Przemysław Ziobrowski: Jedyne co mogę powiedzieć w tym temacie, bo sam naocznym świadkiem nie byłem, to, że Stowarzyszenie  Sympatyków Górala Żywiec jest po rozmowach z Prezesem Borów Pietrzykowice i całe nieporozumienie zostało wyjaśnione. Jako klub oficjalnie ustosunkujemy się do tego, jeśli Wydział Dyscypliny BOZPN nas o to poprosi. Jeśli nie, nie czujemy się stroną w sprawie.
 
Przechodząc do spraw czysto sportowych. Przed sezonem po cichu mówiliście o awansie, ale tego nie udało się wam zrealizować...
P.Z.: Po cichu? Chyba nie... Raczej oficjalnie mówiliśmy, że chcemy powalczyć o awans. Klasa piłkarzy, których posiadamy plus tradycje klubu nas do tego zobowiązują. Jesień mieliśmy dobrą a o niemożliwej do odrobienia stracie zadecydowały bezpośrednie porażki z Kuźnią i Wisłą oraz nierealne wręcz serie zwycięstw tych Klubów. Wiadomo też, że po przerwie zimowej, gdzie zdecydowaliśmy się na znaczące zmiany w szatni, o awansie mowy już nie było.
 
W składzie Górala widać ostatnio coraz więcej młodzieży. To w dzisiejszych czasach rozsądna polityka. Zamierzacie ją kontynuować?

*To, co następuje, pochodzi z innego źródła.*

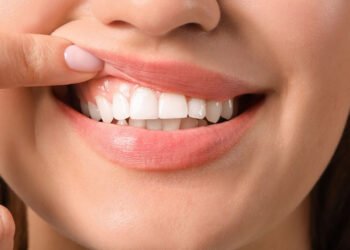 The Importance of Nice Teeth for Overall Health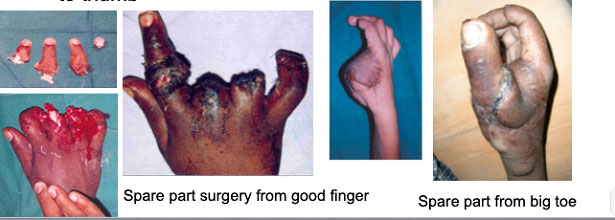 why-plastic-surgery-3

P.Z.: Dysponujemy rzeszą bardzo utalentowanych piłkarzy z roczników 1998-2000. To dla nich dobry moment by wejść w seniorską piłkę. Chcielibyśmy na nich oprzeć trzon zespołu w kolejnym sezonie.
 
A czy to nie oznacza równocześnie, że dla starszych zawodników nie ma u was miejsca?
P.Z.: Drużyna od pewnego czasu ewoluuje w kierunku jaki sobie wyznaczyliśmy z trenerem Bąkiem. Jednak nie wiek ma tutaj znaczenie, ale dopasowanie mentalne no i umiejętności czysto piłkarskie. Dobrze funkcjonującą mieszankę rutyny z młodością widać w większości wiosennych meczy Górala i na pewno pozostawienie młodych bez starych nic dobrego nie przyniesie. Muszą mieć się od kogo uczyć.
 
Sezon zbliża się ku końcowi. Niektóre kluby już się rozglądają za wzmocnieniami. Niektórzy chcą was "rozebrać". To możliwe?

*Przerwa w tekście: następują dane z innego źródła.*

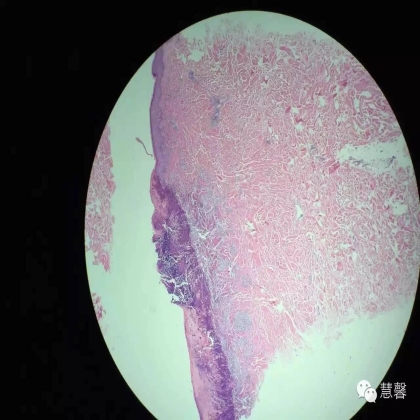 Acquired perforating dermatosis（孔祥田(Max)*Roswell*NM]分享及讲解）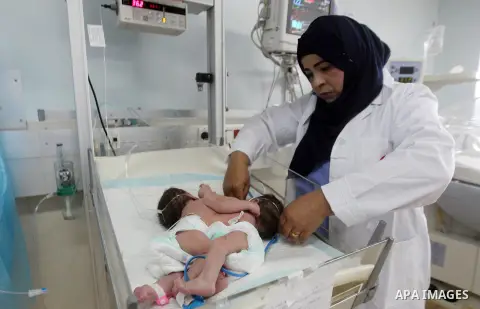 A Palestinian nurse checks on a One-day-old Palestinian conjoined twin boys lie in an incubator at the nursery Hospital in the West Bank city of Hebron, March 16, 2017. Photo by Wisam Hashlamoun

P.Z.: Nie mamy kontraktów z zawodnikami. Przepisy co do ekwiwalentów za wyszkolenie w zalezności od wieku piłkarza są jasne. Żadnego gracza obecnej kadry nie chcielibyśmy się pozbywać. Z nikogo jednak nie zrobimy niewolnika – ważne by decyzja o ewentualnej zmianie barw była podyktowana awansem sportowym – zwłaszcza dla kilku chłopców z rocznika 1998, dla których IV liga to zdecydowanie zbyt niski poziom i jeśli chcą grać gdzieś indziej, powinni mierzyć minimum dwie klasy rozgrywkowe wyżej.
 
Wzmocnienia są planowane?
P.Z.: Jak w każdym okienku transferowym. Maj to jednak nie czas, by mówić o konkretach.